Vor Selenskyj hatten bereits mehrere hochrangige Politiker aus der Umgebung des ukrainischen Präsidenten die Spekulationen um eine Tatbeteiligung Kiews angeheizt. Der Sekretär des ukrainischen Sicherheitsrats, Olexij Danilow, veröffentlichte am Samstag auf Facebook Aufnahmen von dem teils zerstörten Bauwerk, das Russland und die 2014 von Moskau annektierte Schwarzmeer-Halbinsel Krim verbindet. Daneben stellte er ein Video, das die Hollywood-Legende Marilyn Monroe (1926 - 1962) zeigt, wie sie im Jahr 1962 für den damaligen US-Präsidenten John F. Kennedy das Geburtstagsständchen "Happy Birthday, Mr. President" singt. Der russische Präsident Wladimir Putin feierte am Freitag seinen 70. Geburtstag.
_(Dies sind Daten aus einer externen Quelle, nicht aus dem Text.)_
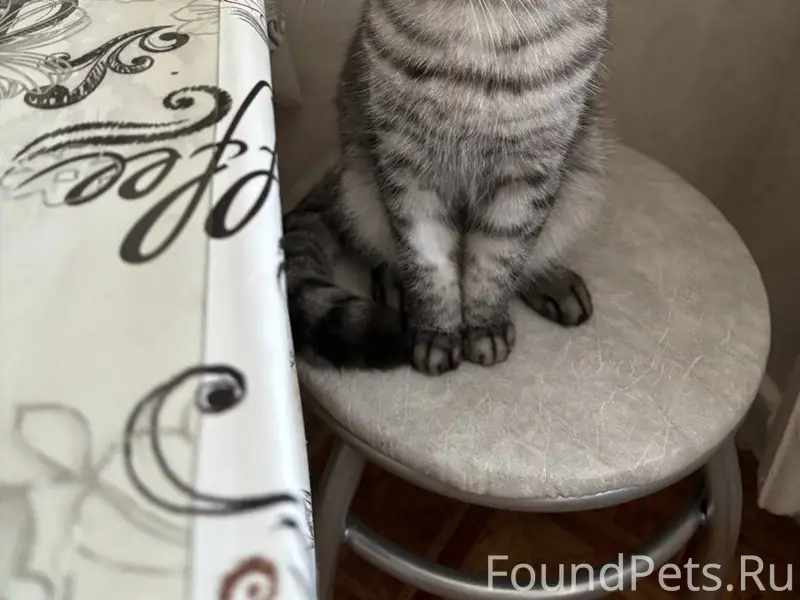 Пропал кот в районе Профсоюзно...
Der Berater des Präsidentenbüros, Mychajlo Podoljak, wiederum twitterte zunächst: "Alles Illegale muss zerstört werden, alles Gestohlene muss an die Ukraine zurück." Ein paar Stunden später ruderte er mit kryptischen Äußerungen zurück. Er stellte den Anschlag als Konkurrenzkampf zwischen russischer Armee und Geheimdienst FSB dar. Der FSB versuche die Armeespitze auszuwechseln und sei nun plötzlich selbst angeschlagen, weil er den Angriff auf die Brücke verschlafen habe. "Ist es nicht offensichtlich, wer die Explosion verursacht hat?", übte er sich in Verschwörungstheorien.

+++ Putin befiehlt Geheimdienst verstärkte Kontrolle über Krim-Brücke +++

Dabei war offiziell der FSB gar nicht zuständig. Die Aufgabe teilten sich bisher Verteidigungsministerium, Nationalgarde und Verkehrsministerium. Putin wies den Geheimdienst erst nach der Explosion per Dekret an, die Kontrolle über die beschädigte Krim-Brücke zu verschärfen. "Dem FSB werden die Vollmachten übertragen zur Organisation und Koordination von Schutzmaßnahmen für den Transportweg über die Meerenge von Kertsch, für die Strombrücke der Russischen Föderation auf die Halbinsel Krim und die Gaspipeline vom Gebiet Krasnodar zur Krim", heißt es in dem Dekret.

Es ist die erste Maßnahme, die der Kreml nach der mutmaßlich durch einen Anschlag herbeigeführten Explosion am Morgen ergriff. Öffentlich äußern wollte sich der russische Präsident jedoch nicht. Putin wird nach offiziellen Angaben auch in den nächsten Tagen nicht zu den Russen sprechen. Ein solcher Auftritt sei nicht geplant, sagte Kremlsprecher Dmitri Peskow am Samstag. Politische Beobachter hatten eine Ansprache des Präsidenten angesichts der schweren Schäden an der Brücke für wahrscheinlich gehalten. Moskau hatte Kiew in der Vergangenheit mit schweren Konsequenzen bei einem versuchten Angriff auf das Objekt gedroht.

+++ Ernennung eines neuen Oberbefehlshabers und Evakuation +++

Die russischen Truppen in der Ukraine haben derweil nach zahlreichen Niederlagen bei ihrem Angriffskrieg nun einen neuen Kommandeur. Der 55 Jahre alte Armeegeneral Sergej Surowikin sei von Verteidigungsminister Sergej Schoigu eingesetzt worden, um die "militärische Spezialoperation" zu führen, teilte Ministeriumssprecher Igor Konaschenkow am Samstag in Moskau mit. Schoigu kommt damit nach Meinung von Kommentatoren seinen Kritikern entgegen, die angesichts von Niederlagen eine Neuaufstellung der Truppen in der Ukraine gefordert hatten.

Gleichzeitig bereiten die russischen Besatzer unter dem Druck ukrainischer Gegenoffensiven in dem von Moskau annektierten südukrainischen Gebiet Cherson die Evakuierung von Zehntausenden Zivilisten vor. Unter anderem seien die russischen Regionen Krasnodar und Stawropol zur Aufnahme von Kindern und Erwachsenen bereit, schrieb der Besatzungschef von Cherson, Wladimir Saldo, am Samstag in seinem Telegram-Kanal.